=== WHAT IS EXPECTED ===
After finding the line that includes "BEFORE - side - 258 lbs" in the records below, transcribe it and each line after it through the last, exactly, and add nothing.

=== INPUT MATERIAL ===
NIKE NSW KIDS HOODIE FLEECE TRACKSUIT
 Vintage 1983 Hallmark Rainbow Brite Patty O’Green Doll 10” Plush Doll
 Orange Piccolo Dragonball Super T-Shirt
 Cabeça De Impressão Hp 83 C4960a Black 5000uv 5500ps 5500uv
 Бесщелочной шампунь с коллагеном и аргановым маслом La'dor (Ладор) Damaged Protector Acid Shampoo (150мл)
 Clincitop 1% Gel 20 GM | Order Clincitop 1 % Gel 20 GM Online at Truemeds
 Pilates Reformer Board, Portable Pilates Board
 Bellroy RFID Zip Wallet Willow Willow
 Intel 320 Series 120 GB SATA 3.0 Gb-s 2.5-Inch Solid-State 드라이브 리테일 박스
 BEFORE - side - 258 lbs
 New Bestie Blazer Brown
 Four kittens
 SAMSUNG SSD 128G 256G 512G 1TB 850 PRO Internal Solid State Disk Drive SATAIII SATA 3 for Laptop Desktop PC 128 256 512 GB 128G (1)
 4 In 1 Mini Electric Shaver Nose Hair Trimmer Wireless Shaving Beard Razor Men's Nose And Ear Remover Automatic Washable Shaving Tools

=== SOLUTION ===
 BEFORE - side - 258 lbs
 New Bestie Blazer Brown
 Four kittens
 SAMSUNG SSD 128G 256G 512G 1TB 850 PRO Internal Solid State Disk Drive SATAIII SATA 3 for Laptop Desktop PC 128 256 512 GB 128G (1)
 4 In 1 Mini Electric Shaver Nose Hair Trimmer Wireless Shaving Beard Razor Men's Nose And Ear Remover Automatic Washable Shaving Tools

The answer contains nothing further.